We all love hearing about other people - whether that’s their lifestyle, their children and how they parent, their work hacks or their fashion finds. However, by April 2018 there was estimated to be over 400million blogs globally. That’s a lot of information in the blogsphere and a lot of reading.

With 60m blogs alone on Wordpress, 441m on Tumblr, nearly 2m on Joomla and another 1m on Drupal and 1m elsewhere, there are a lot of people out there sharing. How many of these bloggers really have influence? And how many are being written and read /watched or are many just typing and talking to their heart’s (and website’s) own content.

So let’s look at the figures. According to the Vuelio Bloggers Survey 2019 about UK bloggers:

• The main reason for blogging is ‘it’s my main source of income’

• Bloggers are posting less frequently with most posting just once a week

• Over a quarter of all content published on a blog is compensated for in some way

• Five supersectors have emerged: Lifestyle, Food & Drink, Fashion & Beauty, Parenting and Travel

• Bloggers are still predominantly female, but the age profile of bloggers is more widely spread

• Lifestyle then parenting are the most popular blogging topics, with fashion seeing the biggest decline in the number of bloggers choosing this as their topic

• Lifestyle blogs are mostly written by females whereas travel blogging is split between men and women equally

• Most bloggers have just one blog which they own and run.

(Source: https://www.vuelio.com/uk/wp-content/uploads/2019/03/UK-Bloggers-Survey-2019.pdf)

We can add to this Instagram, which boasts 1 billion monthly active users . According to another piece of research, 83% of Instagrammers say they discovered a new product or service on Insta with 600m IG accounts using Stories every day .

Meanwhile, YouTubers continue to exercise their influence. According to more research, PewDiePie has over 96m subscribers at the time of writing this, runner up in second place to T-Series, a Hindi YouTuber with 100m subscribers.

At Antelope, we were recently approached by a brand that believed the only good PR was on YouTube. Their brief was that every other channel had had its day and that with YouTube set to become the biggest search engine that’s where their brand wanted to be at. They weren’t interested in creating a YouTube channel either, they wanted to sit their brand amongst the influencers - to get in with the YouTubers who had topped the charts. Yet, believed that PR was the route - ie. can you influence them to talk about our product without it being a “sponsored” post.
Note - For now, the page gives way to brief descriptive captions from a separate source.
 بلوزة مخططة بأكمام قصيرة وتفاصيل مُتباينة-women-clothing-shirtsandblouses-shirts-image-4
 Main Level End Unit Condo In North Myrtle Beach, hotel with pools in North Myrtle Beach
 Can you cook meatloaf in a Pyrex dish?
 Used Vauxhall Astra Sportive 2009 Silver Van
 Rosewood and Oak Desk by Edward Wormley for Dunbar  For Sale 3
We believe there is a conflict happening in communications at the moment. Between influencers who are monetarising their brands successfully and the viewers/readers who are tuning into those channels. The more the channels become monetarised, the more the influencer becomes like its competitor, constrained by the need to tick brand boxes but within their own tone of voice. How many of us have watched Instagram Stories from numerous vloggers from the same “corporate” press day, or seen the same “(ad)/ #gift” across the various accounts at the same time. Is seeing you are not invited to the party but watching those who are having a great time really the best way to showcase your goods or services?
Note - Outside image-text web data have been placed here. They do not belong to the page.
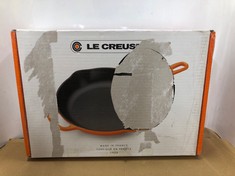 LE CREUSET SIGNATURE ROUND SKILLET: LOCATION - G RACK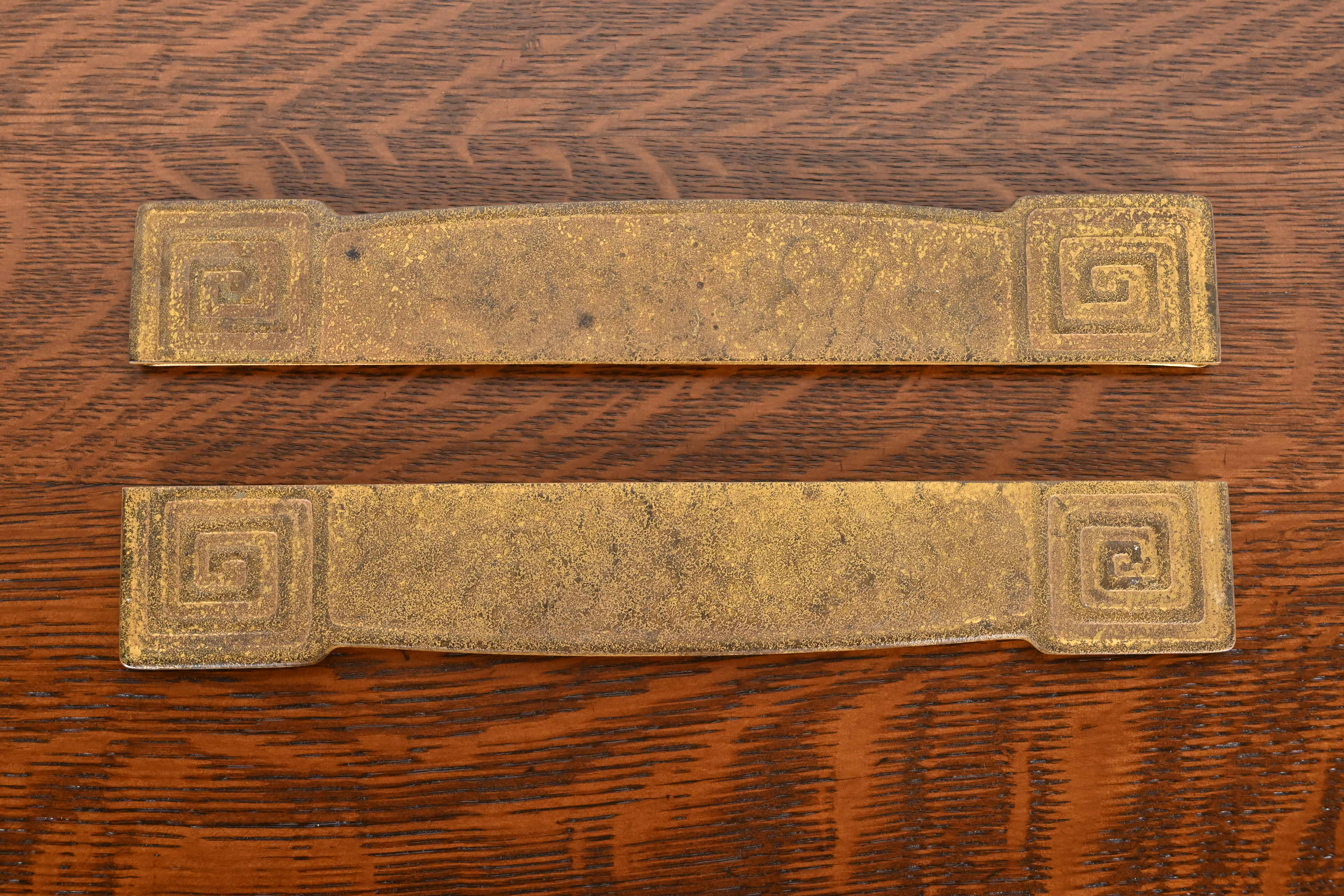 Tiffany Studios New York Greek Key Bronze Doré Blotter Ends With Leather Desk Blotter - Image 7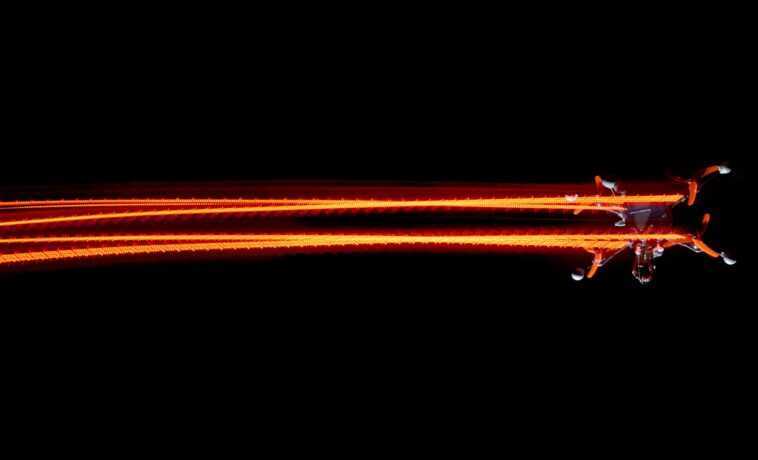 Un drone entièrement autonome surpasse deux pilotes de drones humains « de classe mondiale » 1 Un Drone Entièrement Autonome Surpasse Deux Pilotes De Drones Humains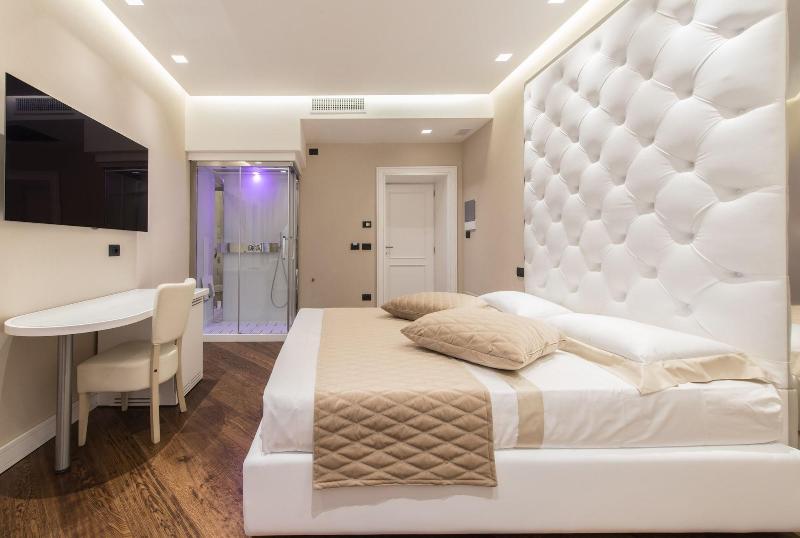 Lux Suites In Roma image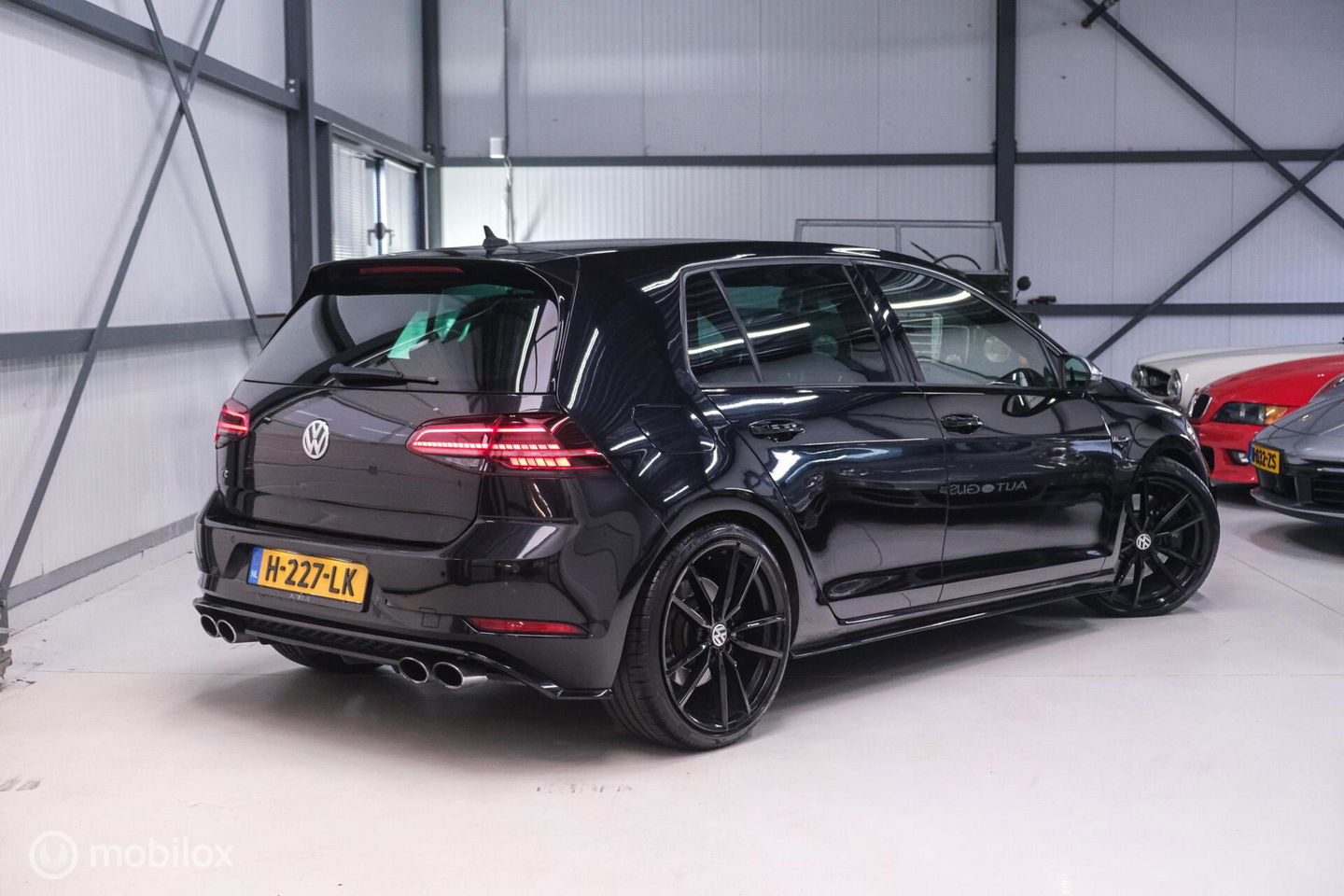 Volkswagen Golf 2.0 TSI 4Motion R 405 pk | Stage 2 | Camera | ACC | Bearlock | Pretoria |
At Antelope, we don’t think bloggers/vloggers/YouTubers have had their day - far from it. However, we do think that their place in the ecosystem of content is evolving and as with the written word, new parameters will come into play. Transparency is already a given -like the days of stamping “Advertorial” or “Paid content” across the weekend supplement. The balance now is to create genuine, interesting content, have a voice in the crowded marketplace of the blogsphere and yet still generate an income by doing so. Many podcasts do this well by thanking their sponsors at the beginning and end of the podcast, and personalising their experience of the brand sponsoring.
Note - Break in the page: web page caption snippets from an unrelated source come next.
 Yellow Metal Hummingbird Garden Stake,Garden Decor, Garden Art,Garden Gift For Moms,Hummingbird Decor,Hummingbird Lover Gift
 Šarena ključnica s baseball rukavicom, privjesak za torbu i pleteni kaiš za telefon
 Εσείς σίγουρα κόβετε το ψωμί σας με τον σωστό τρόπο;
Corporates need to take responsibility for their influence on this too and realise that brand fit is important in their sponsorship and by respecting, rather than exploiting gifted content creators - ie bloggers/vloggers/podcasters - by ensuring that they demand less return on investment and more long term brand building than instant results. As do the influencers themselves. There is not just the ethical reasoning that many of their viewers are still forming opinions and judgements themselves and therefore using these influencer sites as role models, but also think seriously about how they are disrupting the world of publishing by taking readers and viewers away from other content. They need to build longevity into their content to ensure that subscribers do not turn off bored by advertising and promotional footage and we eventually find we are at the opposite pole axis today with no genuine content creators left (as they can no afford the luxury of non branded posts) and we are left metaphorically in a desert of advertising billboards.